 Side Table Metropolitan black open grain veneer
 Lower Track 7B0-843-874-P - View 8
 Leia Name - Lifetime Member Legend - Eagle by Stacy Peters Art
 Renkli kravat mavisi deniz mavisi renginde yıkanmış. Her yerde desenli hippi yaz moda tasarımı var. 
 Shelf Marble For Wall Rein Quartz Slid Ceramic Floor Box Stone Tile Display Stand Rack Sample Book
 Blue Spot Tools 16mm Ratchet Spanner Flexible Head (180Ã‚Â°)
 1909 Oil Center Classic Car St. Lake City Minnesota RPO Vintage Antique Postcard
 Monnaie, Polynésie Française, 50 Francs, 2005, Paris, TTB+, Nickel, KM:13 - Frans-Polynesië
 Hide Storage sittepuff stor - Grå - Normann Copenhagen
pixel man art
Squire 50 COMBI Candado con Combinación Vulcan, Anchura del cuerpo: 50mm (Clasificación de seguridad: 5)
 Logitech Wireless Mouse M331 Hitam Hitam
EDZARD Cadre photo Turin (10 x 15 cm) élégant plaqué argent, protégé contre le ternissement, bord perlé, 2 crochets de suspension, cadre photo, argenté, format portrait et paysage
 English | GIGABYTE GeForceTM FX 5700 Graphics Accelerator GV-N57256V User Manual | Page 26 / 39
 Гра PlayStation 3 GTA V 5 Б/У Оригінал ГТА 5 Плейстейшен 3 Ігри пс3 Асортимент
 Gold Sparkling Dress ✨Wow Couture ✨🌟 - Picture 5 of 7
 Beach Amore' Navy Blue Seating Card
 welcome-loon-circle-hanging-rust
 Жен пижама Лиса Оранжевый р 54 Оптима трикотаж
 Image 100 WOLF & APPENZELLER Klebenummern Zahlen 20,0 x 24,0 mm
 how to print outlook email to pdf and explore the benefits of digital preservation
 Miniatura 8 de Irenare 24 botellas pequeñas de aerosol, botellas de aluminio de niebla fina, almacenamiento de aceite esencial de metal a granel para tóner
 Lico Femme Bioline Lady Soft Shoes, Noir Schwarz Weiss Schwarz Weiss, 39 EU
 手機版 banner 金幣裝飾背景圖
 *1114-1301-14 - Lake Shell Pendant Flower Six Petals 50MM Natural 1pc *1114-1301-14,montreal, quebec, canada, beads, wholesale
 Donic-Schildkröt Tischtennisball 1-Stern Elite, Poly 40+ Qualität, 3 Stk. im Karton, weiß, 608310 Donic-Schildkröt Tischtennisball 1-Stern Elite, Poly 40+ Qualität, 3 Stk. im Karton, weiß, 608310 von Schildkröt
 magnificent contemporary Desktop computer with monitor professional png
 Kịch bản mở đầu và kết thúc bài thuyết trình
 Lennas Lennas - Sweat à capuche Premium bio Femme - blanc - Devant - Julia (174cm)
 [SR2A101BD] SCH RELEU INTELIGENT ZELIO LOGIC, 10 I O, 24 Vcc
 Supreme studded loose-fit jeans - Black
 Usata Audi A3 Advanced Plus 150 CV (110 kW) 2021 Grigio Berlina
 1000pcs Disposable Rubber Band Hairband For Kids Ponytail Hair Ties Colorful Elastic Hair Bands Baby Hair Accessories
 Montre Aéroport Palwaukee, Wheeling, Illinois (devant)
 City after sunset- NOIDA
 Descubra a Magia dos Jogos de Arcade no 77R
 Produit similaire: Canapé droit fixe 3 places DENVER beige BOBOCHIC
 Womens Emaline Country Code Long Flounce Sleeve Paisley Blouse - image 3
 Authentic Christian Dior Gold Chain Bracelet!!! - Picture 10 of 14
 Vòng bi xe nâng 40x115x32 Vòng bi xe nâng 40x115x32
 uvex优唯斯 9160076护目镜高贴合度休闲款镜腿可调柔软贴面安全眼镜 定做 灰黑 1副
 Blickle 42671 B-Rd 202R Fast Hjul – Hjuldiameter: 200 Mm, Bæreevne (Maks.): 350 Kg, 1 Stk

# [WORK INSTRUCTIONS]
Out of the records above, pull the lines that include the word "City".

# [SOLUTION FOR THIS PROBLEM]
 1909 Oil Center Classic Car St. Lake City Minnesota RPO Vintage Antique Postcard
 City after sunset- NOIDA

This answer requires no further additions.